Except for the door which I'm still looking for, the facade construction is complete. Now to add the decor.


----------



## bobzilla (Nov 13, 2008)

Wow...that was fast Steve! Looks great!
What size door opening are you looking for?
I'll keep an eye out for one


----------



## halstaff (Nov 18, 2009)

Thanks everyone!
Bob, I need a 36" exterior door. I haven't had any luck finding one on Craigslist yet.


----------



## Leglamp (May 14, 2014)

Hey Steve
Looks Great! Cant wait to see it in action! As far as a door, you could look at a resell it shop like Habitat for Humanity or a lumber salvage yard. Hard to believe it's already June 2nd already. Halloween setup is quickly approaching.
Leglamp


----------



## bobzilla (Nov 13, 2008)

If I can find 40+ Funkins for free on Craigslist, I'm just guessing I can find you a free 36" exterior door....just maybe though 
Talk to you soon Steve.



halstaff said:


> Thanks everyone!
> Bob, I need a 36" exterior door. I haven't had any luck finding one on Craigslist yet.


----------



## halstaff (Nov 18, 2009)

We're still searching for the door but starting to add to decor and do some detailing. This is how it will look when it's not set up for Halloween.


----------



## fontgeek (Jul 24, 2006)

I'd make one out of planks and such unless this is supposed to look like a wealthy household they, the pirates, have taken over. The planks would give it more of an aged, rustic look and be easier to customize than a traditional door would.


----------



## bobzilla (Nov 13, 2008)

Looks even better in person Steve!
Thanks for sharing it with me toady.
Really nice work 



halstaff said:


> We're still searching for the door but starting to add to decor and do some detailing. This is how it will look when it's not set up for Halloween.


----------



## Pumpkin5 (Aug 8, 2010)

halstaff said:


> We're still searching for the door but starting to add to decor and do some detailing. This is how it will look when it's not set up for Halloween.

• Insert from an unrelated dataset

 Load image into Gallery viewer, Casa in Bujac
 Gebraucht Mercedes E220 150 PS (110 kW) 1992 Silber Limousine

:jol:Okay, I continue to be amazed....Props...buildings...things that fly! What can't you do Steve??? Looks so cool, and a lovely little oasis when it's not haunted. Very nice work.

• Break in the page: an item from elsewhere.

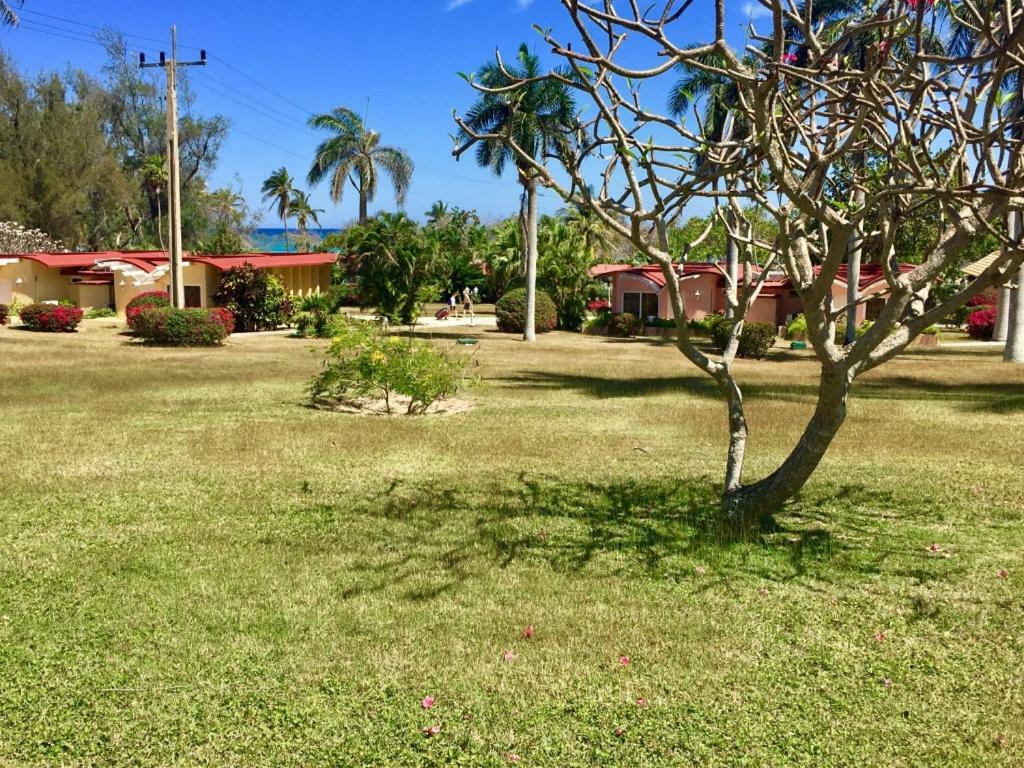 Hotel Villa Tropico Playa Jibacoa Exterior photo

P.S. Question for you...are there going to be ghouls in the windows? Or eerie lighting? Just wondered....


----------



## Hairazor (Mar 13, 2012)

Great to have a design that can be used year round, such a nice piece of work


----------



## Pumpkin5 (Aug 8, 2010)

bobzilla said:


> If I can find 40+ Funkins for free on Craigslist, I'm just guessing I can find you a free 36" exterior door....just maybe though
> Talk to you soon Steve.


:jol:Ha, ha! I'm guessing "Mr. Freeby-Finder" will definitely hook you up Steve. The door is already in the bank, so to speak.


----------



## halstaff (Nov 18, 2009)

fontgeek, I wish I had more of the planks so that I could do that. This project started when I replaced a portion of my fence. I really liked the look of the boards and had just enough to do this project. The box that the pump sits on took my last scraps to build.
Pumpkin5, I do have some flicker candles for the windows that look great at night. We'll also add some lace curtains to the windows. The front corners of the shack also have adjustable LED lanterns and I may have my special effect water light shining in front of the shed.


----------



## Lord Homicide (May 11, 2012)

Steve, it's still looking great. 

If you've got time, try to make those little lightning bugs like they have in Pirates of the Caribbean at Disney. That would be awesome floating around the porch. 

Why do you need a 3' door? Will it be functional?


----------



## Pumpkin5 (Aug 8, 2010)

halstaff said:


> Pumpkin5, I do have some flicker candles for the windows that look great at night. We'll also add some lace curtains to the windows. The front corners of the shack also have adjustable LED lanterns and I may have my special effect water light shining in front of the shed.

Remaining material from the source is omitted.